[Photo courtesy of Plesserchick]
Words by Arye Dworken
Legend goes, Justin Vernon went into a wintered forest and found a secluded log cabin home where, depressed and sheltered, he recorded Bon Iver’s debut album For Emma, Forever Ago. It’s a stunning record, but man, it’s a bummer. Guy sounded like he wanted nothing more than to down a bottle of Jack and pass out in his armchair while a Nicolas Sparks novel fell from his limp hand. But a few nights back, Vernon’s blue-eyed soul/funk side project Gayngs–a collective fronted/founded by Ryan Olson–sashayed into town and ostensibly re-branded the part-time folkie into a frontman joker, an Autotuned seducer, and best of all, a realized Kanye West collaborator. And the twelve childhood friends on stage did something pretty uncommon within the confines of the Music Hall of Williamsburg: they had a pretty awesome time.
The band’s first record Relayted is no joke, a representative of the label assures me. And if the covers throughout the night were an indicator, then the label guy’s right. Sade’s “By Your Side,” George Michael’s “One More Try,” Godley & Creme’s “Cry,” and the Alan Parsons Project’s “Eye In the Sky,” all reinvented and reinvigorated by the group, played out like the soundtrack to the prom I never went to (however, one skeptic left early telling me he felt very confused by what was happening on stage, and another exclaimed “WTF?”). The Faith cover, in particular, came across as so sincere and naked, despite it’s singer wearing a hooded sweatshirt with a reptile eyes on the hood and a thorny spine running down the back, women cooed and cheered. I firmly believe in the seductive power of the ballad.
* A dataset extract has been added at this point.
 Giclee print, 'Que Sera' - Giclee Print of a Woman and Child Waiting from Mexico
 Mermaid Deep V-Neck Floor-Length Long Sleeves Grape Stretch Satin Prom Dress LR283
Gayngs isn’t a brilliant concept, but it is brilliant delivery. There’s something truly palpable about witnessing a band enjoy one anothers’ company and then channeling that camaraderie into the sound. The live versions of the songs dripped with tenderness and pleather culminating into yacht rock anthems for the T-Pain generation. If that makes you gag, then this isn’t for you. But for those of you who still, to this day, enjoy listening to the original versions of the songs mentioned above and feel like indie rock is a bummer, this is the live show of the year. Chalk one up for the white boy, Wild Cherry be damned.